Might be some kind of resonance.

see

From all of the YouTube videos I've watched, no. Any study that has said it does was poorly done. This is the same as CT scans killing you. Any study that claims they do are badly done and give no remotely reliable evidence to make such claims.

What is MORE dangerous? Cosmic radiation from several hours on a plane or the microwaves from dozens of phones in a train car for multiple days straight?

How's it bullshit?

Higher in energy/frequency than visible light becomes UV, which is enough to free radicalize, which is shitty to organic stuff.

Look how the life expectency plummeted after the use of radio wave on a massive scale!

>Tfw nobody can answer this for me

I've been thinking about it for a week and don't k ow enough about this stuff to figure it out. Cosmic radiation IS cancerous and we know that for a fact, but only at high doses. The radiation that cell phones emit, people are claiming cause cancer but others claim the energy isn't high enough. Could 100 cell phones in a train car reflect all of their microwave radiation into you and cause cancer? Is it MORE dangerous than flying on a plane?

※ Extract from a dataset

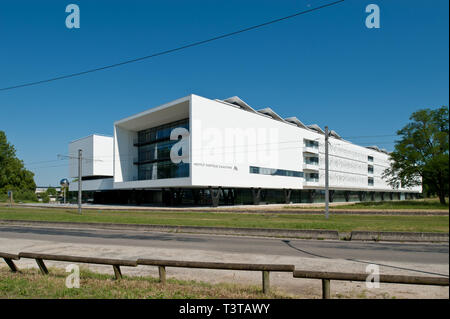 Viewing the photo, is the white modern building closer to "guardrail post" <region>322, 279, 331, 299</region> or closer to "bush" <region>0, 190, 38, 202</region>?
"bush" <region>0, 190, 38, 202</region>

Are statistics like that really a good indication?

People who stood next to gigantic radio cones in world war 2 for the warmth didn't get cancer. They got cataracts. Your eyes don't have a way to dissipate the heat from a fucking huge radio cone, so you develop cataracts. None of those people ever got cancer though, and I would think those people would be by far without a doubt the most susceptible if we're going to compare it to some stupid cell phones. Any study that irresponsibly claims shit like this is ALWAYS poorly done with plenty of flaws. The results they give are useless.